前世ではとある食品関係の会社で部長職を勤めていたが、ミスを指摘して叱った新入社員に逆キレされ、ナイフで刺されて死亡してしまう。

 

部長職であるがゆえに使えない部下をどう使うかなど部下関係でいろいろ苦労しており、そのためか、部下の尻拭いのために鬱憤が溜まっていた神様と意気投合。
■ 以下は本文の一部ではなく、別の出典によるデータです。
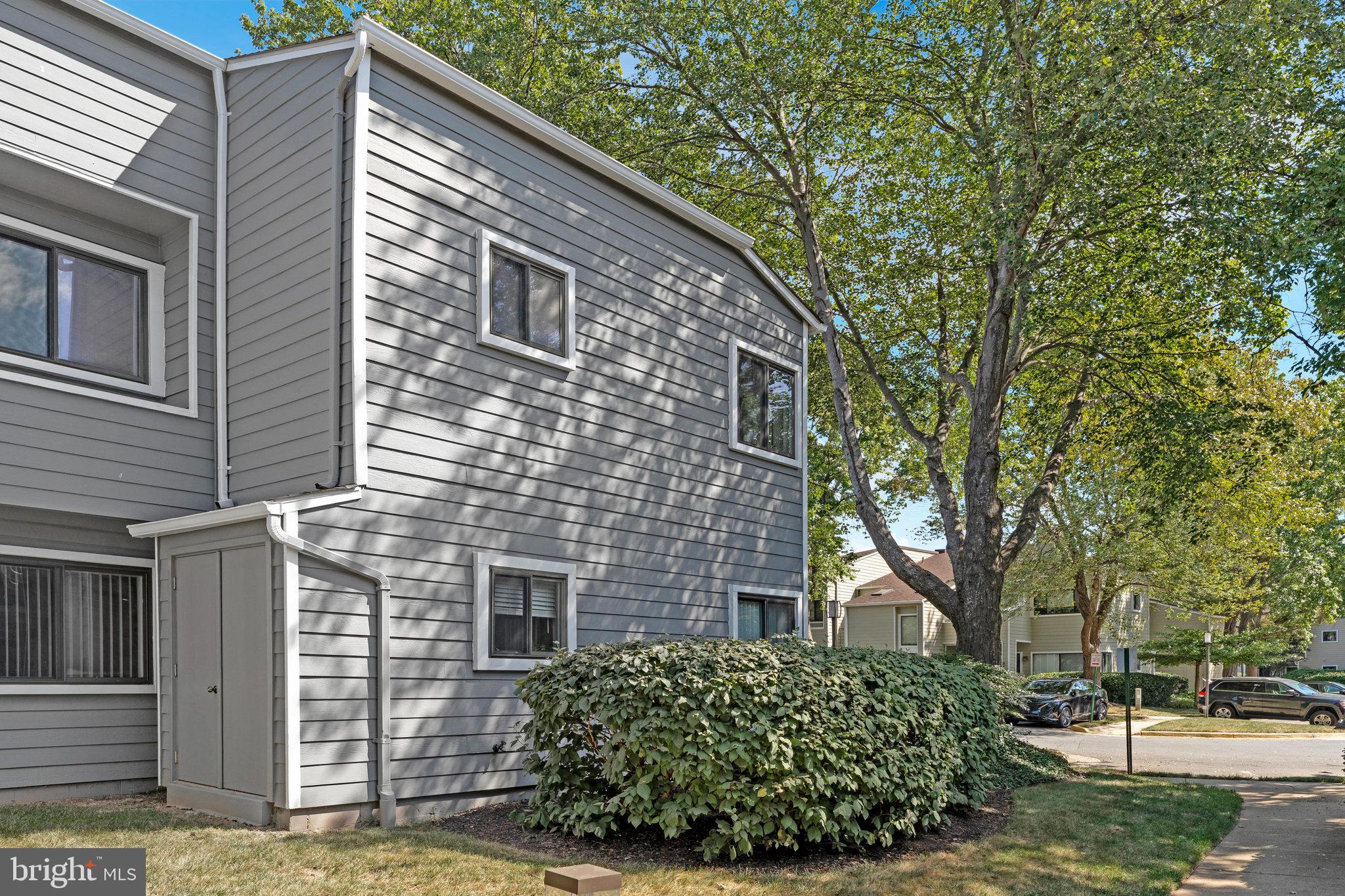 1964 VILLARIDGE DRIVE B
そのおかげか、本来は2つだけしか貰えないはずの転生特典を3つ貰えることとなり、アニメの世界に転生することを知りながら、『平穏な勝ち組人生』を送るために「不自然ではない程度の整った容姿」と「学習すればするだけ成長する能力」の2つを貰い、残りの1つは難病にでもかかってしまった場合の保険にでもしようと保留にしておいた。

 

しかし、同じく彼と同じ世界に転生した踏み台転生者たちの行動があまりにも目に余り、このままでは主人公たちに悪い影響を与え、間接的に自身の平穏な生活を脅かすと結論づけ、最後の転生特典を使い、神様に「自分以外の転生者たちの転生特典の完全消失」を願い、彼らを人知れず社会的に抹殺した。

 

自身の平穏を脅かす者や敵対する者には容赦はないが、前世部長職で磨いたコミュスキルで温和な性格を演じているために、彼を慕う者は多い。

 

転生者としては、ちゃんとその世界を現実だと認識しており、例え原作に起きた事件が起こったとしても、原作通りに進めばなんとかなるだろうというスタンスなため、原作に介入することはない。